What did your background at Lockheed-Martin bring to your present job? Do you see it as having an influence?

Not so much in terms of the substance of an issue, but having run a company, I’ve had to look at things from an executive’s perspective, to look at things from the private sector perspective, and that, I think, has been very helpful.

When you are in Congress, you are just passing laws. And one of the things about that is, if you have never been at the other end of the legislative pipeline, trying to make something work, you really have no appreciation for it. I experienced this as mayor, too, when I was trying to make programs work at the local level. My time at Lockheed gave me a much better appreciation of how, especially here, in a departmental role, our rules and regulations affect how something gets done.

We have to have good laws, and once those laws are passed, we have to match them up with the necessary rules and regulations.

Did the National Civil Aviation Review Commission, which you chaired, correctly predict the gridlock we experienced last summer?

We did. We just didn’t expect it that soon. In 1997, we said to expect it by early in the turn of the century, and by April 2000 we had gridlock.

My wife, Dani, was a flight attendant for United for 35 years. She retired in May, and that month, the whole system came to a screeching halt—delays, cancellations, everything. People would call her up and say, "Dani, your timing in retiring was impeccable!"

And now you’re in charge of fixing the system, at a time when delays and congestion are at an all-time high. Why did you take the job?

First of all, there is no better job, in my estimation, than being Secretary of Transportation.

I had turned it down in 1992. With the new Administration coming in, President Clinton had asked me to take the job in November 1992. I had said "no," because I was about to become chair of the Public Works and Transportation Committee. When you’ve spent that much time in Congress and you’re about to become chair of the Committee you’ve been working on all that time, it’s difficult to pass up.

I said to the President, "I think that I could serve better as a member of Congress than being secretary, because I would be chairing a major committee."

I was still interested in other issues—science and technology, Asian–Pacific American issues, civil rights in general—and I felt that as a member of Congress, chair of a major committee, I would be a little more free to speak out and move about the country than I would serving as secretary.

So on Dec. 29, 2000, when Dick Cheney called and said, "Norm, we’ve decided that we want you to be part of our team and we want you to come on board as Secretary of Transportation," it was an
opportunity I couldn’t pass up. To me, there’s no greater job. I don’t think of transportation as a public works project. To me, it’s the driver of our economy. Nothing happens in the economy unless transportation is O.K.

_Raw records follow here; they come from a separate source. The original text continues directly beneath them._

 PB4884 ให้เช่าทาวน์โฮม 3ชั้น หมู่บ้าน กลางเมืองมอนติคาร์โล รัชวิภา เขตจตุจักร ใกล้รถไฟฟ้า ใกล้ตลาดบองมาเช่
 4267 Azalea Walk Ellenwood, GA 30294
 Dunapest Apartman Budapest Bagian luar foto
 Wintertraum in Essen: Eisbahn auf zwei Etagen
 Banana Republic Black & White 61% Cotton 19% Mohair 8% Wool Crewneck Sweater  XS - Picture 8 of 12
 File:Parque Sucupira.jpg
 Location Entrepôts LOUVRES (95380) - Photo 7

So whether it’s commuting, just-in-time delivery, air traffic control, safety —all of these issues are part of the economy. Not moving people and goods safely and efficiently has an economic cost. So it’s important that transportation be an integral part of whatever gets done. And that’s what interested me in the subject.

When I first came on the city council in San Jose in 1967, I could see that. The general phrase then was "infrastructure." When I was growing up, San Jose was about 85,000–90,000 population. In the one term I was mayor, we went from 358,000, as I recall, to 580,000 in four years.

So that meant we had to have the infrastructure in the community—sewer systems, roads, police, fire, parks and playgrounds, libraries. The city has to be able to grow gracefully. I was dealing with 26 separate school districts—elementary school, high school, some serving both, one for the community college. I felt that my job as mayor was to deal with the schools’ infrastructure. That’s when I found out that transportation is really important.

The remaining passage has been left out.